May 13, 2026

Introducing Ursula

The Tonbo & Loro teams

Every modern application is quietly producing a timeline. A document accumulates edits. A session accumulates messages. An AI agent run accumulates tool calls and partial responses. A workflow accumulates execution steps. A collaborative whiteboard accumulates strokes. The shape is the same everywhere: an ordered, append-only sequence of changes that needs to be replayable from any point, durably retained, and live-tailable while it's still being written.

The web has no first-class primitive for this. Each team rebuilds it from a different starting point: a database with a journal table, a message broker with consumer groups, or an object-storage bucket plus a polling loop. Each of those rebuilds reinvents the same offset-based replay semantics, the same recovery edge cases, the same live-tailing reconnection logic, in slightly different ways. The shape keeps recurring because the requirement keeps recurring, but there is no shared infrastructure for it.

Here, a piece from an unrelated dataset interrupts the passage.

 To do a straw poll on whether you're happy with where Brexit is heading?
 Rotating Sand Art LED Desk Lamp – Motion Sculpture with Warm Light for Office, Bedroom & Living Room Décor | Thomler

We kept hitting this shape in our own work, and our friends kept hitting it in theirs. After enough of those conversations we decided to stop working around it and build the shared piece properly, once. That's Ursula.

Durable Streams as the primitive

We didn't invent the primitive. Electric published the Durable Streams Protocol, a minimal HTTP-native specification for exactly the shape above. The protocol is small: PUT creates a stream, POST appends bytes, GET reads from an offset or live-tails over Server-Sent Events. Streams are URL-addressable; offsets are opaque tokens; closure is explicit. There is no required client library; any HTTP client works.

The protocol is well-shaped. The challenge is the implementation. The reference server published alongside the protocol runs as a single process. It is easy to embed, easy to evaluate, easy to run on a laptop. But anyone who wants to run a fleet of durable streams in production needs something more: replicated writes that survive node failure, follower reads to spread load, snapshot-based recovery so new clients don't replay months of history, and a cold tier so streams that grow into gigabytes don't pin memory.

Ursula is that something more, and it stays loyal to the protocol. Your clients see the same URLs, the same headers, the same SSE wire format. Three nodes (or five) sit underneath, acting as one durable streams server with leader-serialized appends, quorum commits, follower reads, and an S3-backed cold tier for long-tail data.

No three-way trade

We didn't reach for a distributed implementation only because it didn't exist. We built one because every alternative we evaluated asks you to trade away one of three properties this primitive deserves to have all of.

Open-source self-hosting. The Durable Streams reference server has it. S2 Lite has it. Managed S2 gives it up.

Low write latency. S3-backed implementations either pay for S3 Express (~7× S3 Standard for hot bytes) or batch hard and accept 250ms+ p50.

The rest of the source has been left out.